An Indigenous Perspective
I came across a different perspective recently in Indigenous theologian Randy S. Woodley’s preface to his book Indigenous Theology and the Western Worldview.
Woodley puts words to something I’ve been moving toward—or at least wanting to move toward—whenever I’m in a position to lead, teach, preach, or that sort of thing.
Woodley reflects, “Pedagogy implies that one person, the teacher or adult, has knowledge to share with the other, the receiver or child. In my graduate and undergraduate courses, I have always referenced my students (another word that implies the former inequality of position) as co-learners. Co-learners, short for ‘collaborative learners,’ implies we are positionally equal, learning together” (ix-x).
I appreciate this attention to language, to equality, to the implications of words like “teacher” and “student” and how we hear them. It helps me better understand why I found Nick’s answer about how we knew each other so off-putting.
I don’t know if it was intentional or not—or how much that matters—but in one simple sentence, Nick placed himself in a position of power over me. He seemed to assume that he was the one who knew things, who had things to teach, and I was just there to receive his wisdom.
Operating as Co-learners
I appreciate the way the word “co-learners” acknowledges that the teacher, too, has much to learn. Always. They have not arrived at an all-knowing place, a godlike state where they have everything under control and will never need to change their mind about anything.

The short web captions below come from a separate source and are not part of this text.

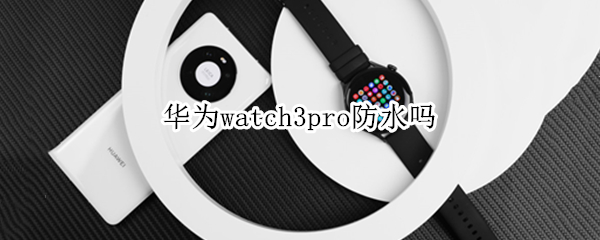 华为watch3pro防水吗（华为watch3pro防水吗?）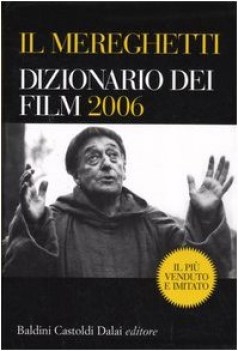 mereghetti, dizionario dei film 2006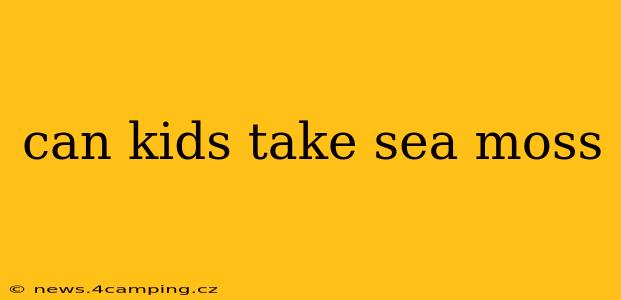 can kids take sea moss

As Woodley goes on to write, “Knowledge, not applied, does us little good. I have found that most learning experiences stick best when we bring not just knowledge but our own truth and experience to the conversation. As co-learners apply the knowledge that I help them bring forth, making it real in their own contexts, we learn from one another. Thus, real knowledge, that which is real to each one’s experience, is shared together as co-learners in collaboration with the subject matter” (x).
I like this vision for learning: the teacher has studied the topic and brings what they know, but the real learning happens for everyone as different people apply knowledge “in their own contexts.” In their own lives and experiences and communities.
This is the “real knowledge.” And it is shared together. The classroom is a group of people on a learning journey together.
Co-learners in Christian Education
I feel like all this is easier said than done. But I think it’s worth aiming for.
And I think it’s worth aiming for particularly in our faith communities. Because what better place to recognize that we’re all on a spiritual journey together? That none of us has everything figured out? That we all have different gifts to offer, and we can learn so much from each other?
What better place to see that all real knowledge is embodied? That all meaningful wisdom is located in people, in places, in communities?
These are some of my hopes for the way teaching and learning happens in churches—whether through sermons, Bible studies, small groups, adult ed classes, or whatever other structures might be involved.
It’s part of how we avoid authoritarianism. It’s part of how we build environments where people can learn to “authorize” themselves.
We do not use teaching as a way to declare power or superiority over others. Instead, we seek to learn together. We seek to apply knowledge together.
Churches are often not this way—but they could be. It’s worth seeking, together.